Congratulations to our 2016 grantees!
December 5, 2024
December 15, 2016
2016 Grantee, Skylar Fein, Legalize Me, 2015, Photo by Musa Alves.
Art Matters is pleased to announce the recipients of its 2016 grants to individual artists. The foundation awarded 26 grants of 5,000 and 10,000 USD for ongoing work and projects that break ground aesthetically and socially.
In addition to grants to individuals, Art Matters made a special grant to Lower Manhattan Cultural Council for Michael Richards: Winged, an exhibition of work by Richards, a 1995 grantee, who died tragically in his LMCC studio in the World Trade Center on 9/11.
In announcing the grants, Art Matters Director Sacha Yanow said, “We are thrilled to support this extraordinary group of artists from across the U.S. Their practices are diverse, engaging issues of social justice and experimenting with form.
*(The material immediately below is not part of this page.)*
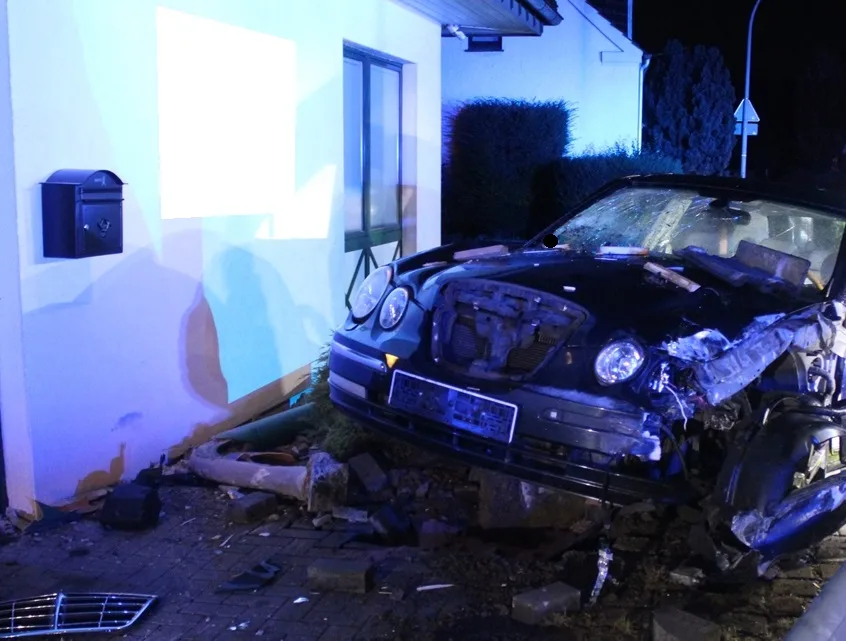 Ein schwarzes Auto steht mit stark beschädigter Front in der Hauswand. Trümmer liegen verstreut um das Fahrzeug.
We feel their voices are particularly important at this moment in the world, and through our funding we hope to help amplify them.”
Sandra Haydee Alonso (El Paso, TX)
Wearable sculptural works that question borders, identity, and relationships.
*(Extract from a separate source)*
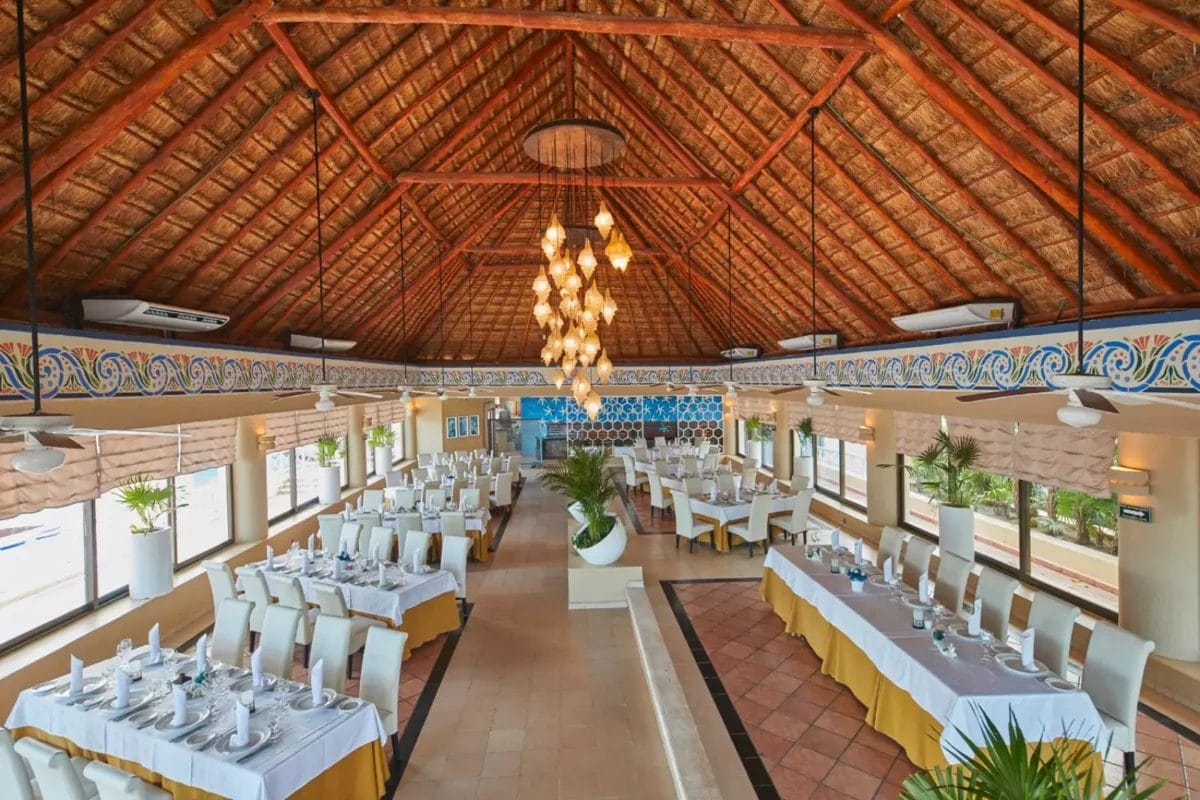 Una lussuosa sala da pranzo al Bahia Principe con tavoli e sedie bianchi.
Katrina Andry (New Orleans, LA)
Ongoing printmaking work involving vignettes that challenge racial stereotyping.
Sadie Barnette (Oakland, CA)
Work based on the FBI files and COINTELPRO’s surveillance of the artist's father and his activities with the Black Panthers.
Black Salt Collective (Oakland/Los Angeles, CA)
Ongoing performance and archiving work of this Black, Brown and Indigenous women artist collective.
Frank Chi (Washington DC)
New short film that remixes imagery from the women's suffrage movement.
Complex Movements (Detroit, MI)
Ongoing multi-media performance and installation work engaging community-led social justice movements in Detroit and beyond.
Michelle Dizon (Los Angeles, CA)
The Archive's Fold, an artist’s book that explores the politics of archives.
Skylar Fein (New Orleans, LA)
Ongoing work with Parisite, a community-based New Orleans skate park, and the youth who built it.
FORCE: Upsetting Rape Culture (Baltimore, MD)
Nuestra Tierra, Mi Cuerpo, a Monument Quilt display at the US/Mexico border in collaboration with La Casa Mandarina and Latinx survivors of rape and abuse.
Vanessa German (Pittsburgh, PA)
Museum of Resilience, a neighborhood art place centered around the global interconnectedness and power of human beings.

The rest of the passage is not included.